PROBLEM TO WORK ON: Copy the records below, from the line containing "White Short Long" through the last line; leave out pictures.

Saved data entries
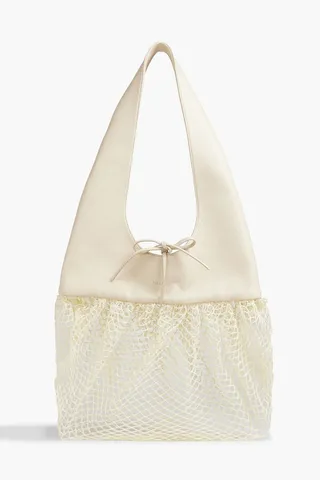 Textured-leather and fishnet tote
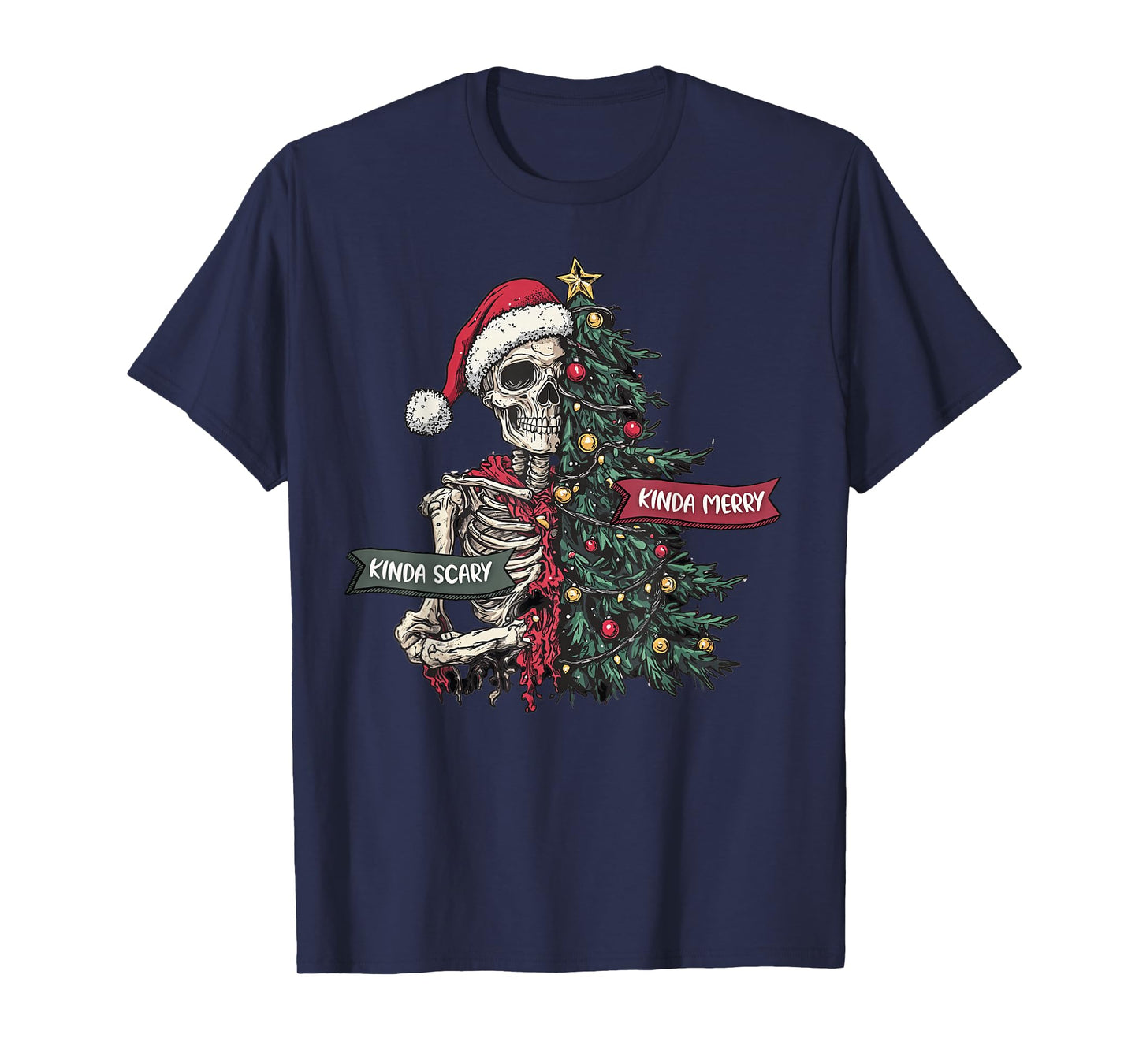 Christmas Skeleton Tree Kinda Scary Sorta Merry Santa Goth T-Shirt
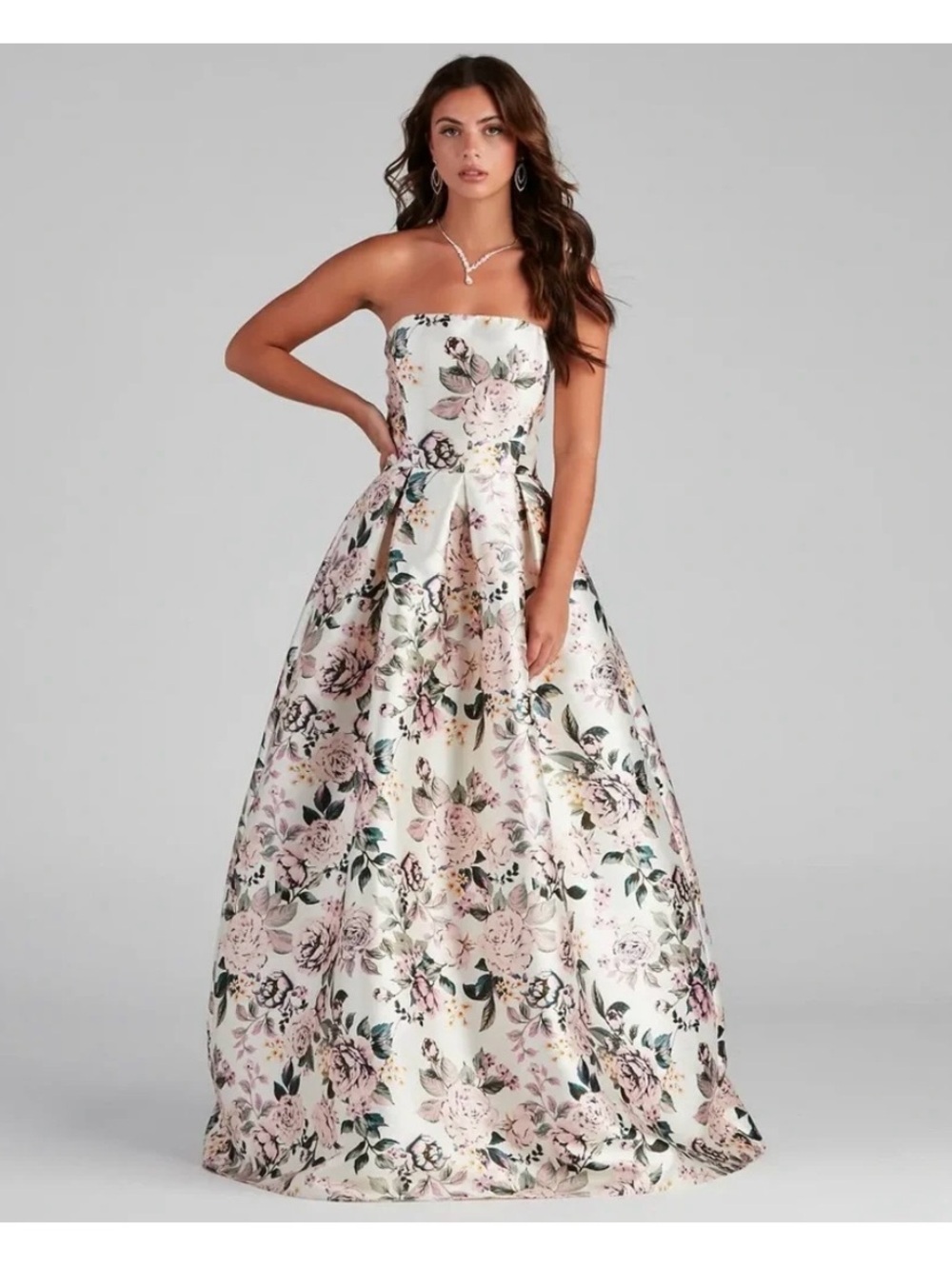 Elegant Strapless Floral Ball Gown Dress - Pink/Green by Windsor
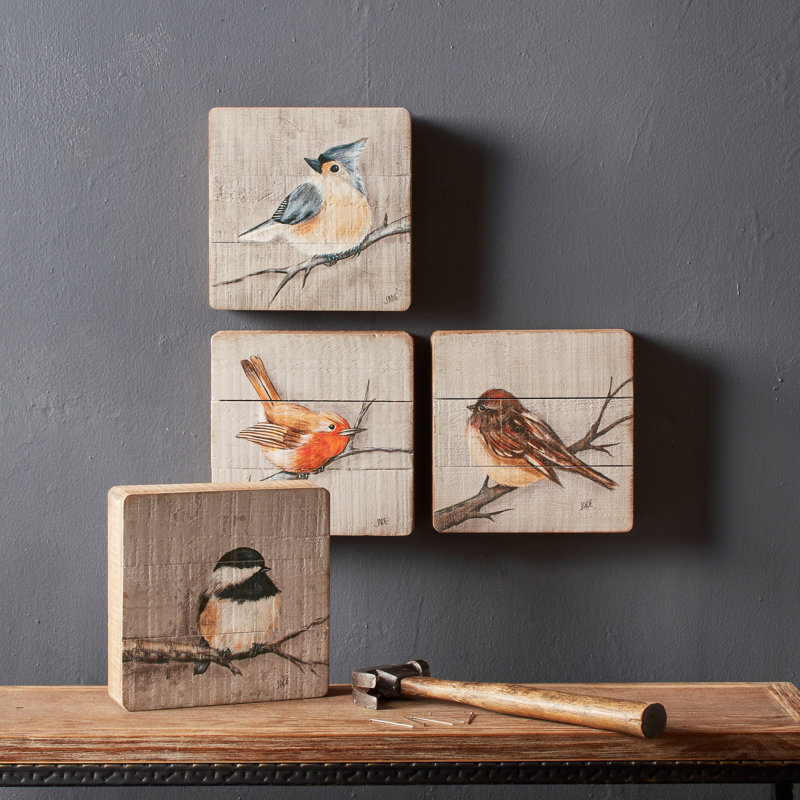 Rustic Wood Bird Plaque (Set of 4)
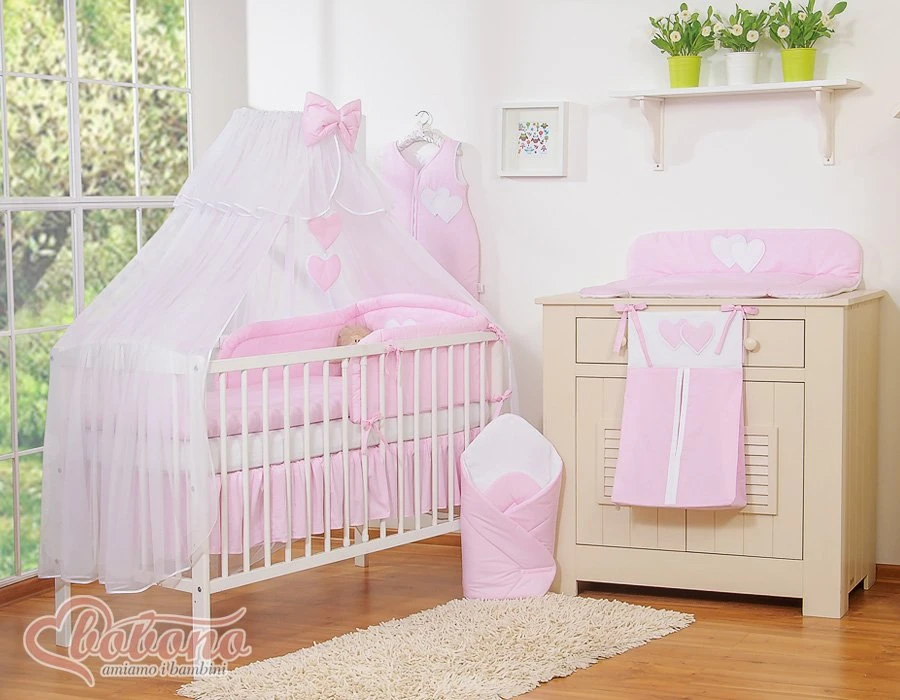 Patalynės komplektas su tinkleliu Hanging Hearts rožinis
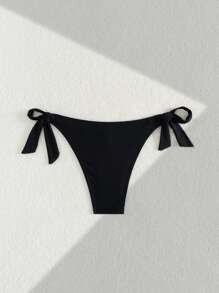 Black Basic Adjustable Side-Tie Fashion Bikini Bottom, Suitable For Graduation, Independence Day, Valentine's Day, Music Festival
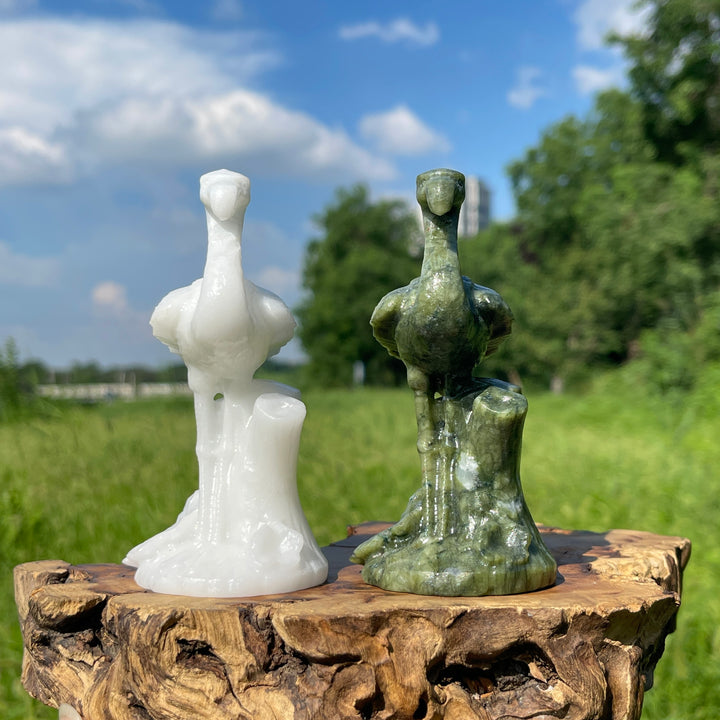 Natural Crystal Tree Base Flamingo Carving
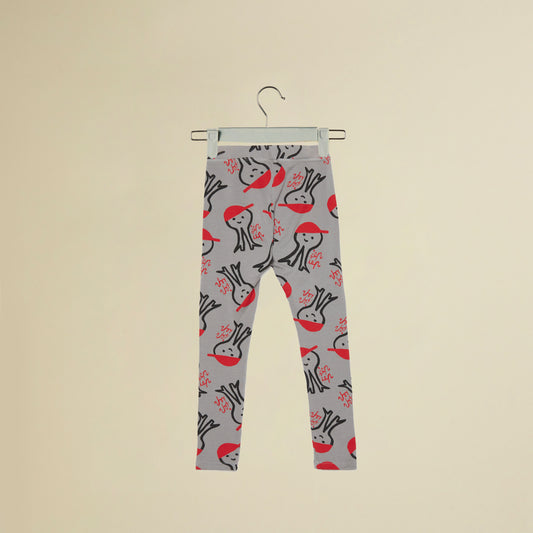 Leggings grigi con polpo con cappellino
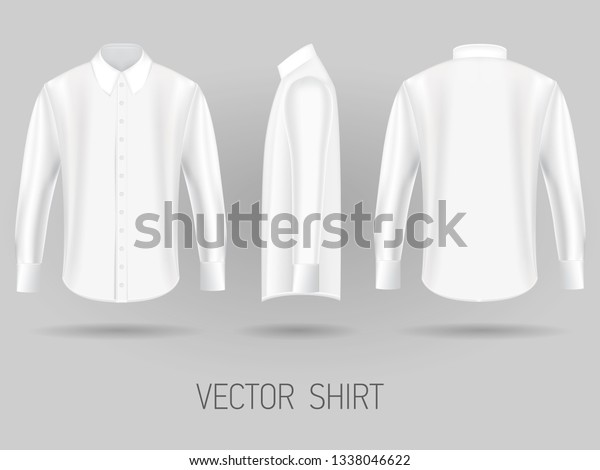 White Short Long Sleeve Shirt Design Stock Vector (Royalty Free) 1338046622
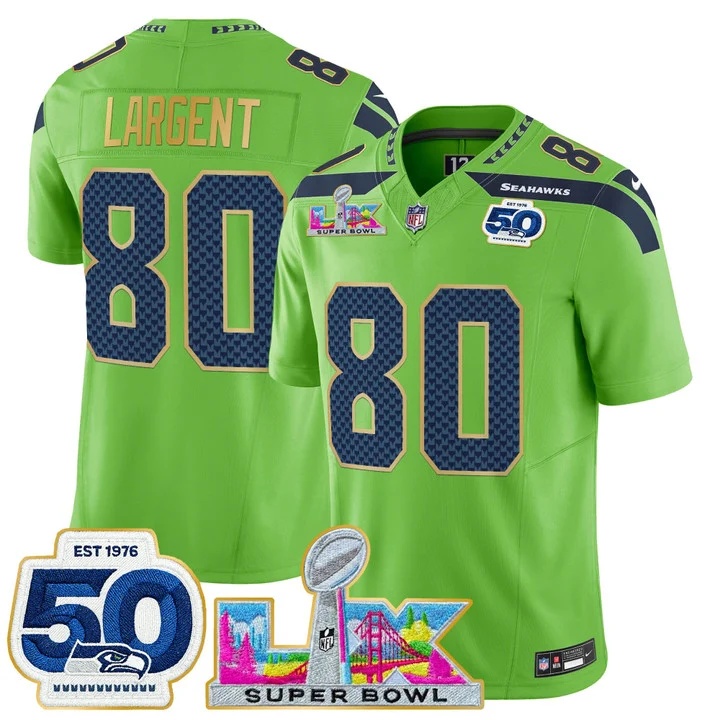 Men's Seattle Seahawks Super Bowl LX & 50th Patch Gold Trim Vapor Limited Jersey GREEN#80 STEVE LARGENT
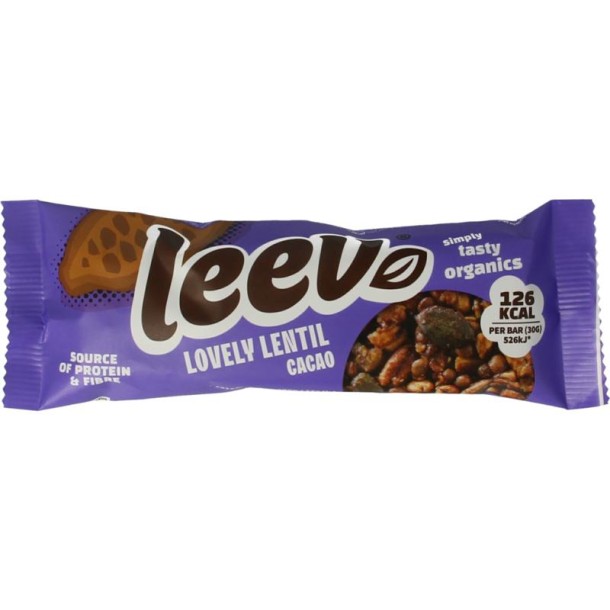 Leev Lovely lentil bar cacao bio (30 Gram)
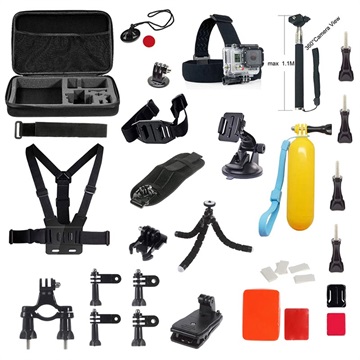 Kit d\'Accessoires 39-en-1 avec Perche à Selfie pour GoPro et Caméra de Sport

RESULT FOR THIS TASK:
 White Short Long Sleeve Shirt Design Stock Vector (Royalty Free) 1338046622
 Men's Seattle Seahawks Super Bowl LX & 50th Patch Gold Trim Vapor Limited Jersey GREEN#80 STEVE LARGENT
 Leev Lovely lentil bar cacao bio (30 Gram)
 Kit d\'Accessoires 39-en-1 avec Perche à Selfie pour GoPro et Caméra de Sport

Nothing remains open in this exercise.